WORK ITEM:
All of the data is to be printed exactly, though the images must be left off.

PROVIDED RECORDS:
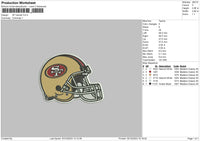 Sf Helmet Embroidery File 6 sizes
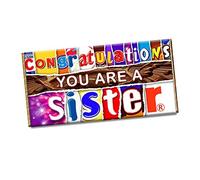 Congratulation You Are a Sister Chocolate Bar Wrapper Novelty Lovely Gift Present CH-392 (with chocolate bar)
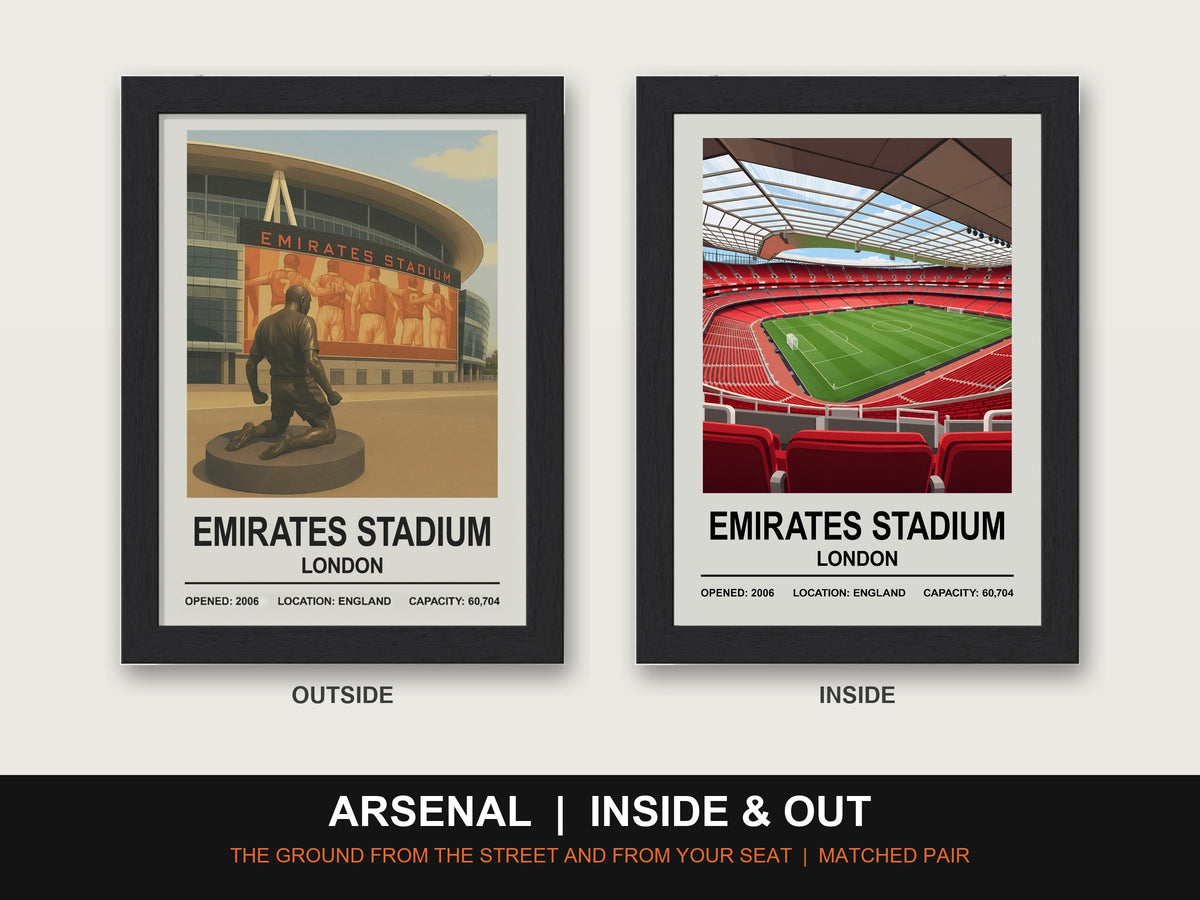 Arsenal Inside & Out Stadium Set | Emirates Stadium + Inside Stadium Prints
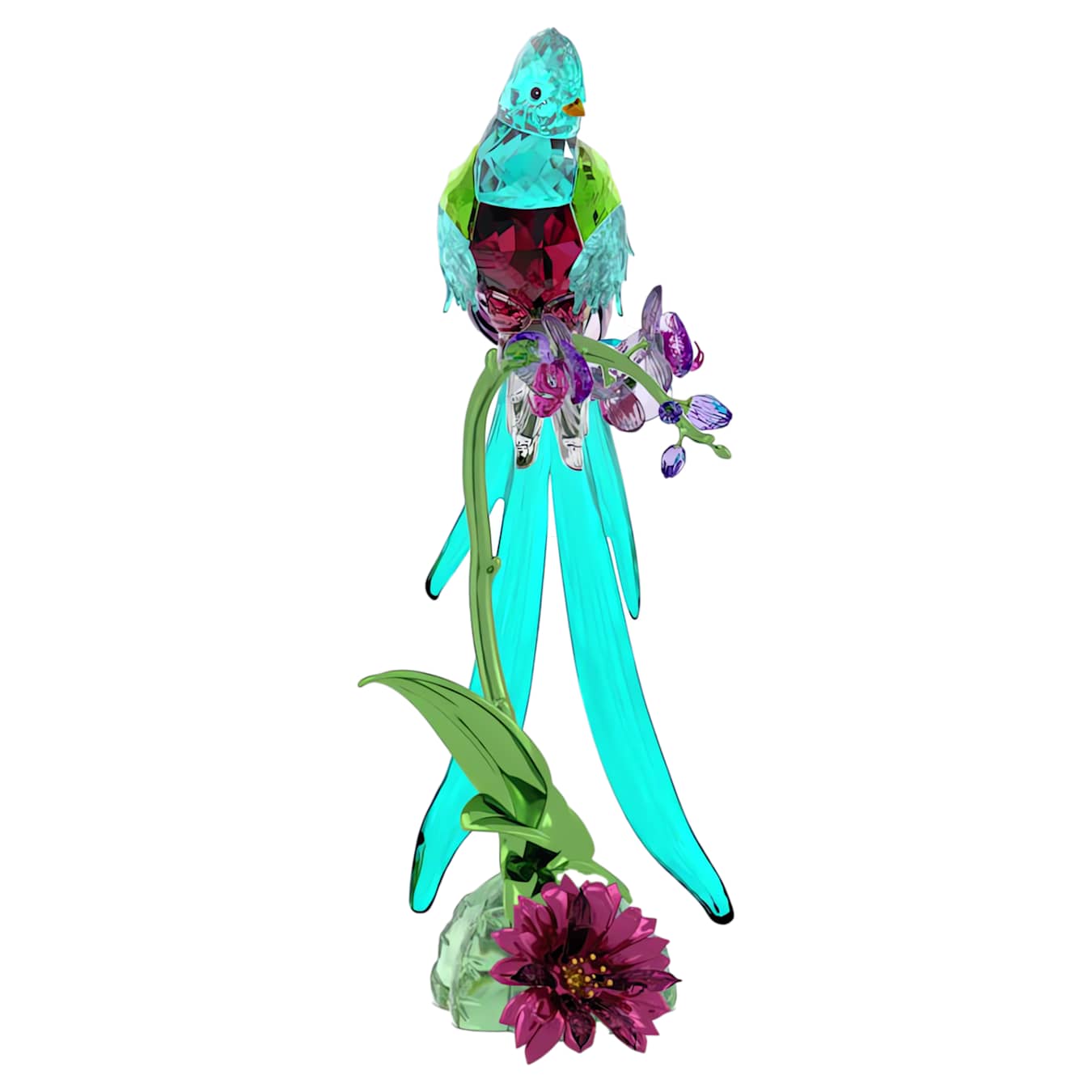 Colorful glass sculpture of a quetzal on a branch with flowers and leaves on a white background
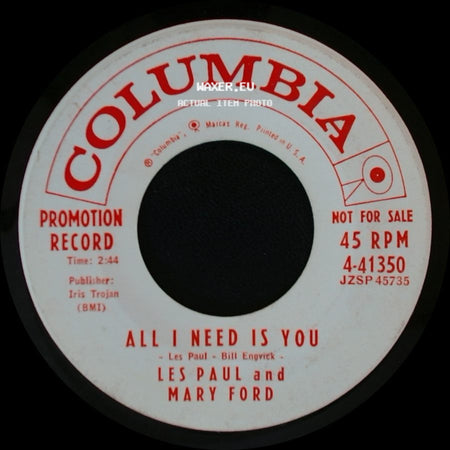 Les Paul And Mary Ford - At The Sav-A-Penny Super Store / All I Need Is You side B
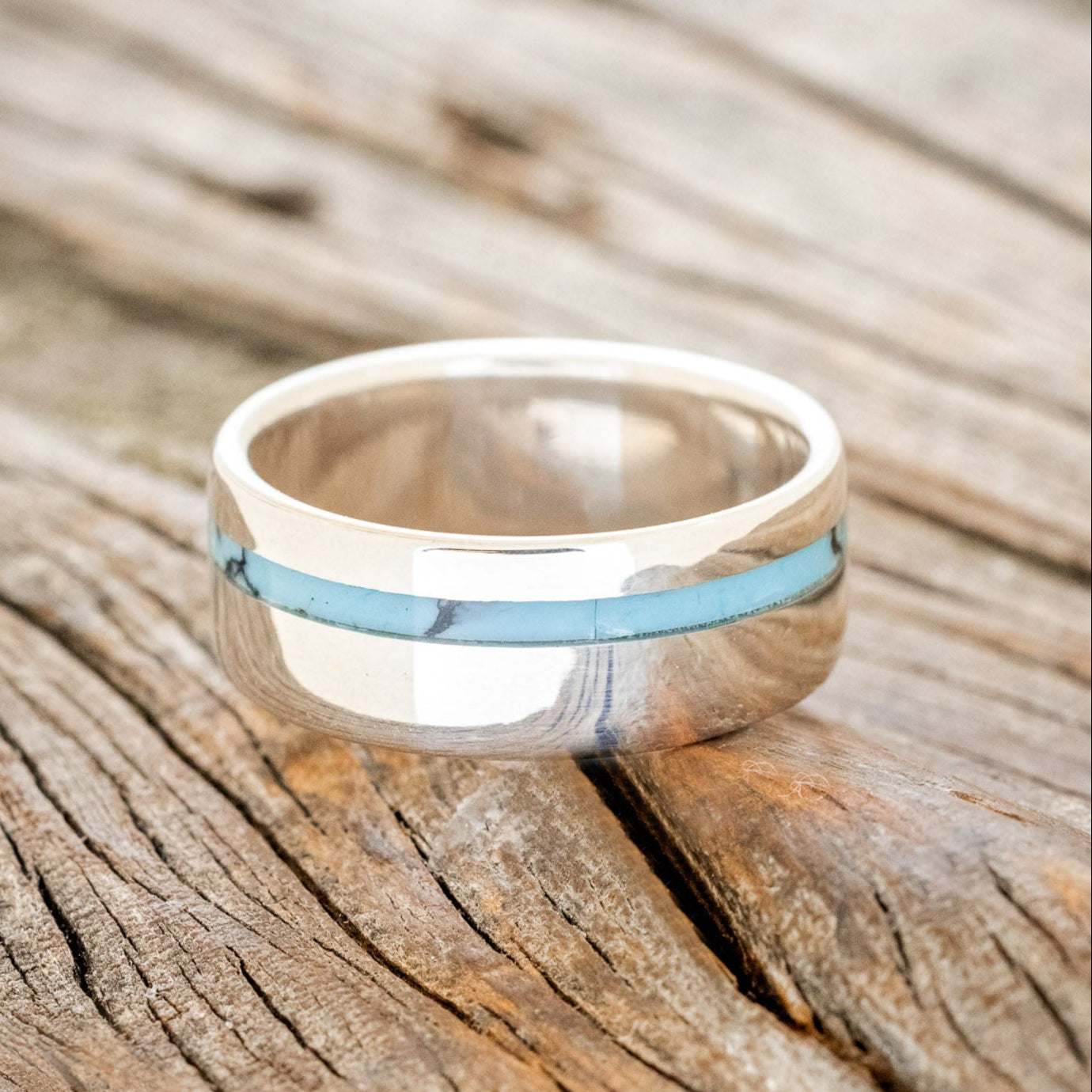 "VERTIGO" - TURQUOISE & BLACK MATRIX TRUSTONE INLAY WEDDING BAND-3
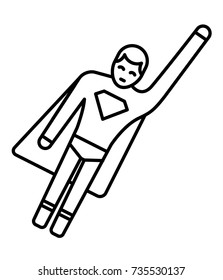 Line icon of stick man superhero. Design of super hero icon. Vector illustration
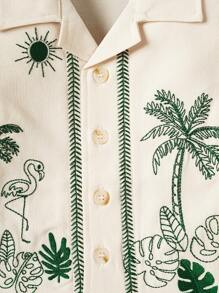 Souflis Souflis Conjunto de camisa de manga corta con bordado tropical y pantalones cortos de moda para bebé niño para vacaciones de primavera/verano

YOUR RESPONSE:
 Sf Helmet Embroidery File 6 sizes
 Congratulation You Are a Sister Chocolate Bar Wrapper Novelty Lovely Gift Present CH-392 (with chocolate bar)
 Arsenal Inside & Out Stadium Set | Emirates Stadium + Inside Stadium Prints
 Colorful glass sculpture of a quetzal on a branch with flowers and leaves on a white background
 Les Paul And Mary Ford - At The Sav-A-Penny Super Store / All I Need Is You side B
 "VERTIGO" - TURQUOISE & BLACK MATRIX TRUSTONE INLAY WEDDING BAND-3
 Line icon of stick man superhero. Design of super hero icon. Vector illustration
 Souflis Souflis Conjunto de camisa de manga corta con bordado tropical y pantalones cortos de moda para bebé niño para vacaciones de primavera/verano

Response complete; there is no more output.